NVIDIA Announces The New Titan X

By all means do whatever floats your boat, and maybe 5X is different in this regard but I know on my 970 overclocking the memory does next to nothing for more performance except an easy way to introduce glitch/artifacts. I got far more out of cranking power and voltage to the max and chasing core clock speed.
 
By all means do whatever floats your boat, and maybe 5X is different in this regard but I know on my 970 overclocking the memory does next to nothing for more performance except an easy way to introduce glitch/artifacts. I got far more out of cranking power and voltage to the max and chasing core clock speed.

If you unlock your power limit there's no reason not to.

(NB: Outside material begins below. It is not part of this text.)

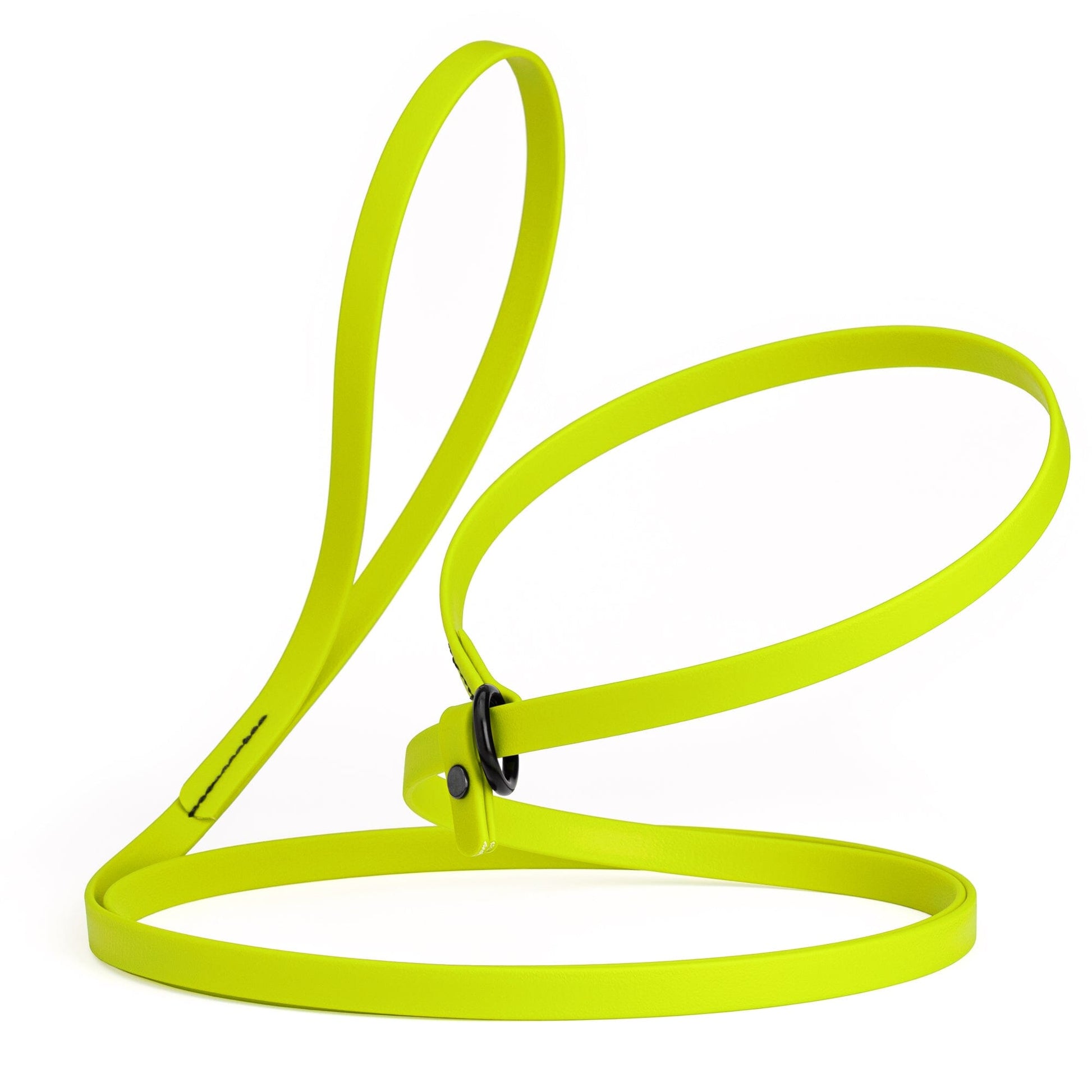 Biothane Slip Lead for Dogs, 5FT and 7FT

I never had much luck on Maxwell but on Pascal I can OC the memory. It also differs game to game. You can't really trust firestrike because it doesn't use much VRAM.

If you don't unlock power limit a VRAM overclock could cause your card to throttle the core... VRAM OC helps a little but not as much as the core.
 
If you unlock your power limit there's no reason not to. I never had much luck on Maxwell but on Pascal I can OC the memory. It also differs game to game. You can't really trust firestrike because it doesn't use much VRAM.

If you don't unlock power limit a VRAM overclock could cause your card to throttle the core... VRAM OC helps a little but not as much as the core.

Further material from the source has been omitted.